What fuels the feud is the belief, by the McKays, that the Danzigs murdered Patrick McKay Jr, Patricks’s son, Frank’s brother, and Liz’s dad. That’s why Jerry changes his name – he’s dating Liz, and she has no idea who he really is. Romeo, meet Juliet.
The McKays, and especially Frank, are obsessed with proving the Danzigs are Patrick Jr.’s killer.
Spaghetti gets in the way
My outstanding memory of “Our Family Honor” has nothing much to do with the show really. Early every fall, I anxiously awaited the fall preview issue of “TV Guide”. My mom bought it when they went to Lethbridge for groceries every Thursday. It devoted a page to each new fall show from the three U.S. networks of the time (before FOX came along), as well as CBC and CTV.

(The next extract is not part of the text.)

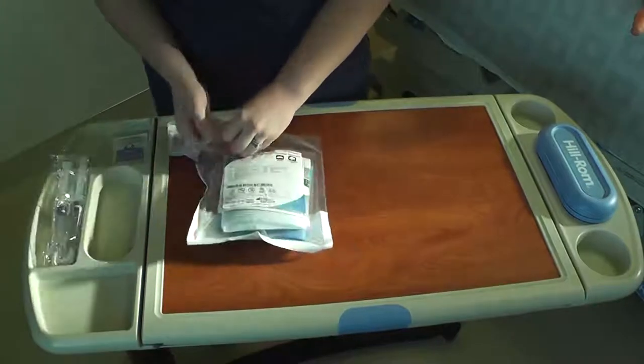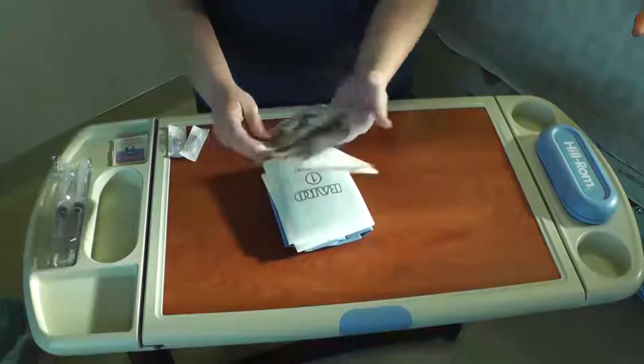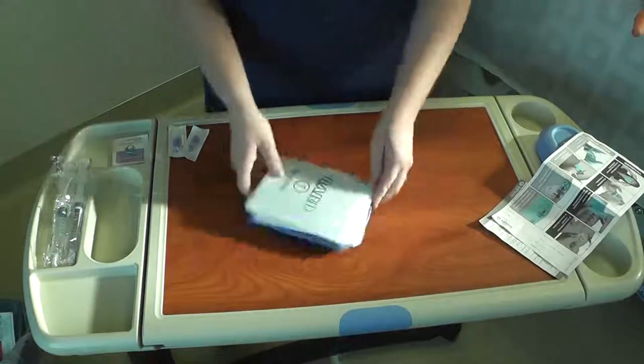Open the dressing system, which contains visual instructions. You'll notice there are two bundles: Step 1 and Step 2.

In the fall of 1985 I was starting Grade 11. I read the article on “Our Family Honor” and it seemed pretty interesting. It was set to air on CTV, on peasant vision, at 10 p.m. on I think it was Wednesday nights. Finally, it was set to air, and I was excited. Then something else came along.

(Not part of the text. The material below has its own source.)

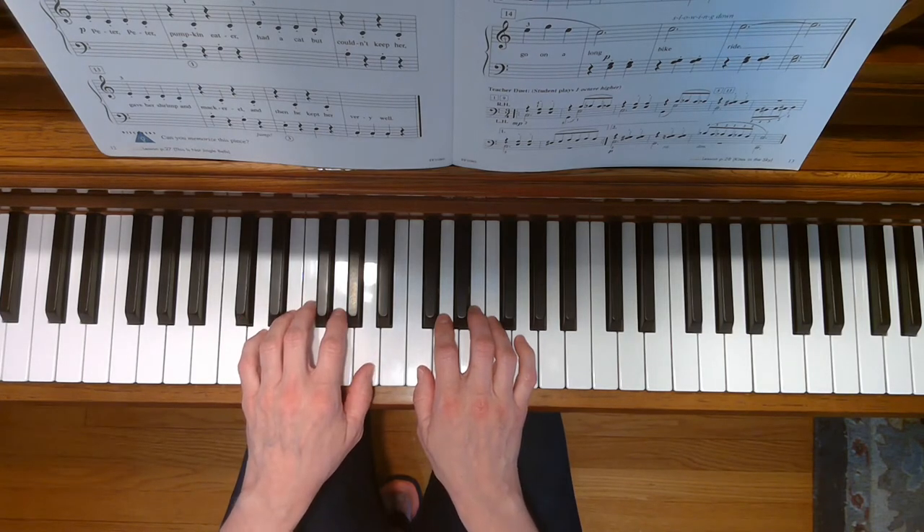So make sure you notice where the finger numbers are circled, because that helps you to know when you have to move.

There was this girl in my accounting class I had developed a crush on. She had actually phoned me the previous weekend because her cheerleading squad was having a fundraising spaghetti supper and wanted to know if I was interested in buying a ticket to go. Although I knew what it was, deep down I had this glimmer of hope she actually liked me, so I was in.
Unfortunately, the supper, which ended up being an amazing time, was the same night as the premiere of “Our Family Honor”. By the time I got home, it was well after 10 p.m., my parents were in bed, and I had to watch it on the little TV in my bedroom.

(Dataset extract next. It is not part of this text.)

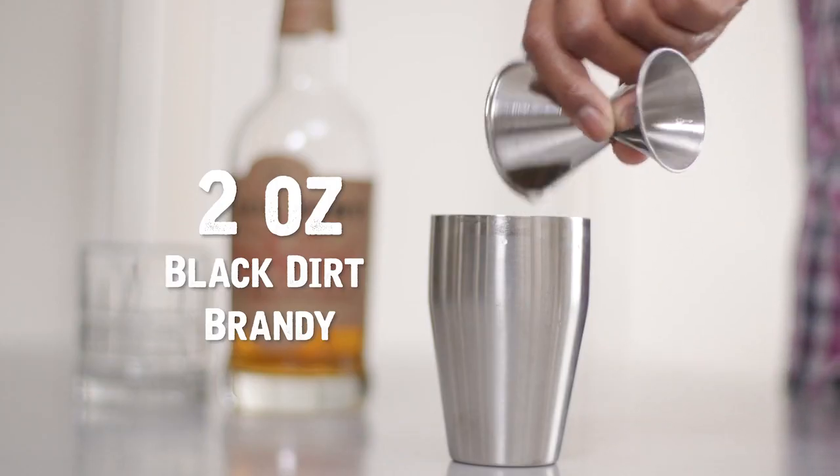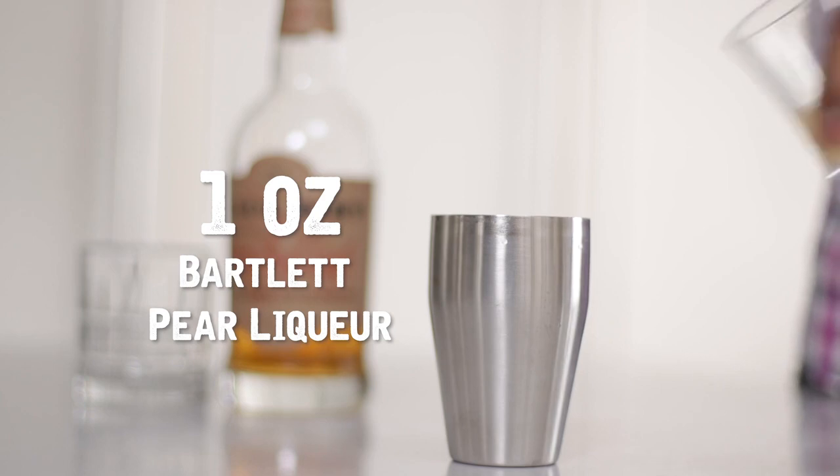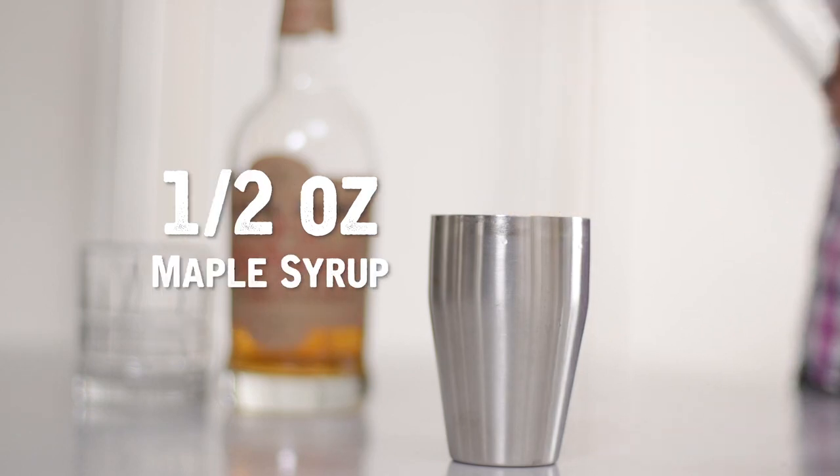Two ounce black dirt applejack, one ounce Bottless pear liqueur, half ounce lemon juice, and half ounce maple syrup.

I do recall turning it on just as Frank was telling Liz he was convinced the Danzigs killed her dad. He was pretty agitated too.
After that, life got busy, and I never really watched more than one or two full episodes again – partly because the show did not last that long, and I could never find when it was on.
The death of Eli Wallach back in June reminded me of “Our Family Honor”. Like “The Yellow Rose”, which I eulogized elsewhere, “Our Family Honor” had a great premise and a great cast, but it just never found an audience. It debuted on Sept. 17, 1985 and its last episode aired a few short months later on Jan. 3, 1986, lasting a total of 13 episodes.
But, as happens, sometimes the idea is not bad. Instead it may fall victim to timing or execution.
The McKays have been reincarnated as the Reagans on “Blue Bloods”. Patrick McKay looked more like a police commissioner than Frank Reagan (Tom Selleck) – older, greyer, less sexy and more managerial. His son Frank McKay is just as hot-headed and single-minded as Danny Reagan (Donnie Walberg), and he’s on the same quest: to avenge the murder of his brother. Instead of a granddaughter like Liz McKay, “Blue Bloods” has much younger brother Jamie Reagan (played by Will Estes) as the rookie beat cop.
It just shows, every idea has its day.
The other thing this symbolizes is another change in my life. Up to that point, TV had been pretty much at the centre of life outside school. That night, going to that spaghetti supper, illustrated how my world was getting bigger – beyond watching TV and living alone out in the country. I was discovering girls, and beginning the chaotic drift into adolescence.